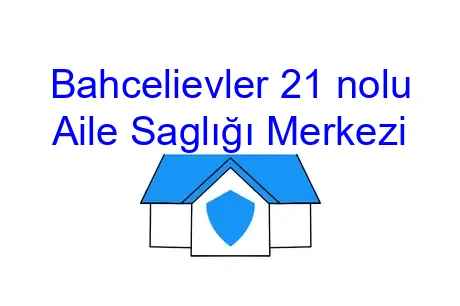 Bahcelievler 21 nolu Aile Saglığı Merkezi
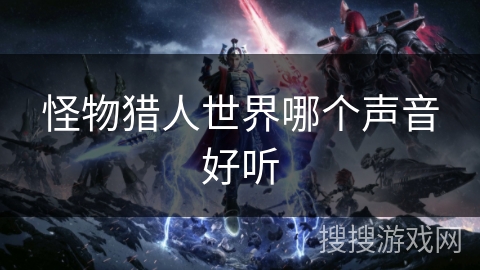 怪物猎人世界哪个声音好听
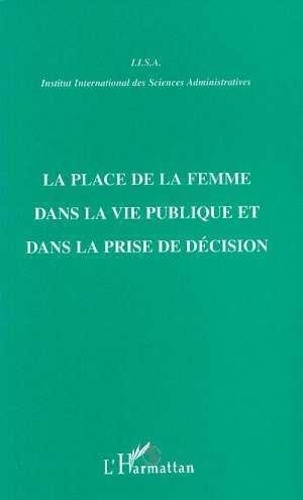 La Place De La Femme Dans La Vie Publique Et Dans La Prise De Décision - Une Étude Comparative, Le Cas De L'europe, Du Canada, Du Maroc Et La Palestine, - Séminaire, Jérusalem-Est, 24-26...
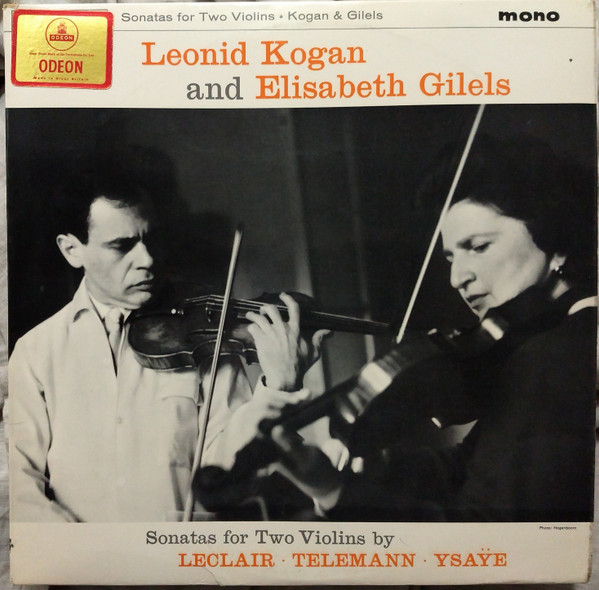 descargar álbum Leonid Kogan And Elisabeth Gilels, Leclair, Telemann, Ysaÿe - Sonatas For Two Violins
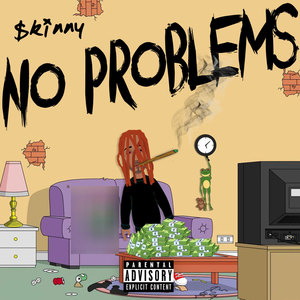 No Problems (Explicit)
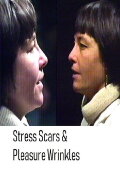 Stress Scars & Pleasure Wrinkles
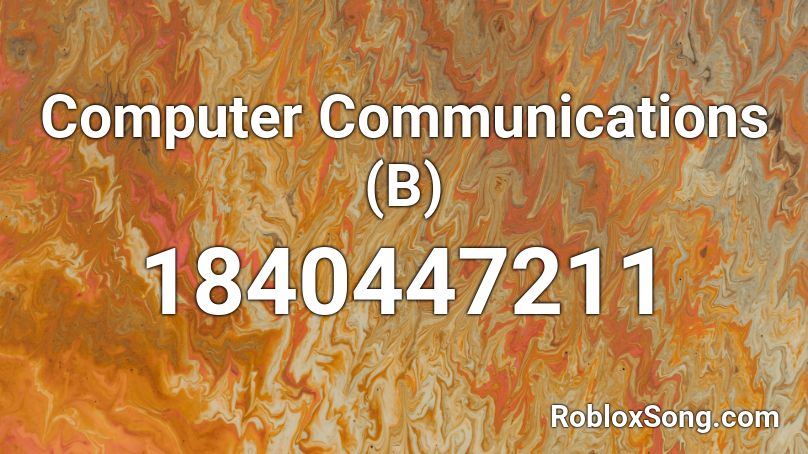 Computer Communications (B) Roblox ID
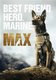 Max (DVD): Luke Kleintank, Mia Xitlali, Dejon LaQuake, Jay Hernandez, Josh Wiggins, Owen Harn, Thomas Haden Church, Robbie...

....

Only an exact copy belongs in the answer: the lines from the one containing "怪物猎人世界哪个声音好听" through the end of the records, both ends included, minus the pictures.

_Answer_
 怪物猎人世界哪个声音好听
 La Place De La Femme Dans La Vie Publique Et Dans La Prise De Décision - Une Étude Comparative, Le Cas De L'europe, Du Canada, Du Maroc Et La Palestine, - Séminaire, Jérusalem-Est, 24-26...
 descargar álbum Leonid Kogan And Elisabeth Gilels, Leclair, Telemann, Ysaÿe - Sonatas For Two Violins
 No Problems (Explicit)
 Stress Scars & Pleasure Wrinkles
 Computer Communications (B) Roblox ID
 Max (DVD): Luke Kleintank, Mia Xitlali, Dejon LaQuake, Jay Hernandez, Josh Wiggins, Owen Harn, Thomas Haden Church, Robbie...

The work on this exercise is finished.